In 2006, Gary Duff and Peter Curto, Jr., formed a LLC to buy property. After Duff spent some $500,000 on the project, it collapsed. Duff sued Curto claiming that Curto was obligated to reimburse Duff half of his costs because the parties had agreed to contribute to the LLC evenly. That may have been true, except that the LLC operating agreement did not exactly say that. The operating agreement provided that each would provide 50% of the capital, but did not detail how much that was. While that alone may have not carried the day, even though Curto denied any agreement to provide anything, that Duff carried his “contributions” to the LLC as loans on his tax returns provided Judge Pines the basis she needed to find that Duff could not maintain a claim against Curto, dismissing them, even though the operating agreement was vague as written.

Would the outcome have been the same had the operating agreement been properly completed?

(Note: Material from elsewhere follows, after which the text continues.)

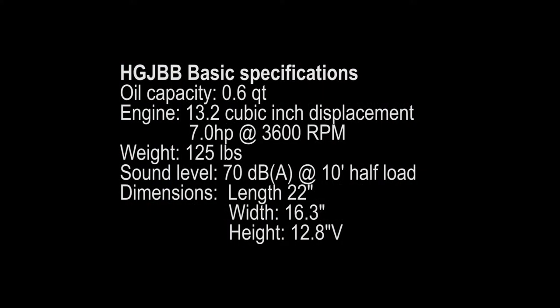Here are some of the basic specifications on the predecessor. Its oil capacity was 0.6 quarts. Its engine size was 13.2 cubic inches, and it had 7 horsepower at 3600 RPM. Its weight was 125 pounds and sound level was 70 dB at 10 feet at half load.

In an ongoing litigation between Starbucks and an outfit called Black Bear Micro Brewery, the brewer of Mr. Charbucks and Charbucks Blend coffees, a New York Southern District judge found that notwithstanding the similarity in names and the fact that Charbucks was trying to capitalize on the Starbucks name, Charbucks did not violate trademark law.

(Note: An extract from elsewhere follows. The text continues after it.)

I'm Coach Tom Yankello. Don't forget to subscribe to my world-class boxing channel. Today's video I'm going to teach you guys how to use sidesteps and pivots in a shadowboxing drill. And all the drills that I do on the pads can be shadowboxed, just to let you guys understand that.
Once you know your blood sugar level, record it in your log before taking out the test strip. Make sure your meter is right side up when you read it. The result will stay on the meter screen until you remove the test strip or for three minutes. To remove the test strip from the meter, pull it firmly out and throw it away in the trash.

One of the privileges provided by trademark law is a trademark holder’s right to prevent another’s use of a mark that, while not confusingly similar in a direct way, nevertheless “dilutes” the trademark holder’s registered trademark. One way to dilute a mark is to “blur” it. Blurring is pretty much as it sounds: A competitor’s use of mark that, in the court’s words, “impairs the distinctiveness of the famous mark.” When a mark is blurred, its “distinctiveness,” that element of the mark by which it is known to the public, is weakened.

In this case, the Southern District court was faced with deciding whether the marks “Mr. Charbucks” and “Charbucks Blend” diluted the Starbucks trademark. To reach a conclusion, the court had to review six factors that, while not exclusive, provided guidance in determining dilution: “(i) [t]he degree of similarity between the mark or trade name and the famous mark; (ii) [t]he degree of inherent or acquired distinctiveness of the famous mark; (iii) [t]he extent to which the owner of the famous mark is engaging in substantially exclusive use of the mark; (iv) [t]he degree of recognition of the famous mark; (v) [w]hether the user of the mark or trade name intended to create an association with the famous mark; [and] (vi) [a]ny actual association between the mark or trade name and the famous mark.” Because these elements are suggested but not exclusive, the overarching consideration is whether the blurring makes the distinctive registered mark less distinctive.

Gregory Miglino, Sr., passed out at a gym one morning. While 911 was summoned, a gym employee that had been trained on an automated external defibrillator (“AED”) went to assist Miglino. For some reason, perhaps because a doctor and medical student were on the scene, the employee did not attempt to use the AED. Miglino died upon his arrival at the hospital. His Estate sued the gym claiming that it was negligent in not using the AED. The gym sought dismissal arguing that while it was obligated to have an AED on site and someone on staff trained to use it, it had no obligation to use the AED, and because the Good Samaritan law insulates one from liability where medical assistance is voluntarily made, the gym could not be liable.

In an apparent split from the Appellate Division, First Department, the Second Department found the gym to have an affirmative obligation to not just have an AED on site and someone trained to use it, but to actually use it. The Second Department found it inconsistent that a law that would require the on site presence of an AED and someone to use it to assist club members, would not also require its use. Because the law was specifically designed to assist club members, the court found it “illogical to conclude that no duty exists” to use the AED, and refusing to recognize that principal, would “eviscerate the very purpose for which the legislation was enacted.” Rhetorically, the court asked “why statutorily mandate a health club facility to provide the device if there is no concomitant requirement to use it?”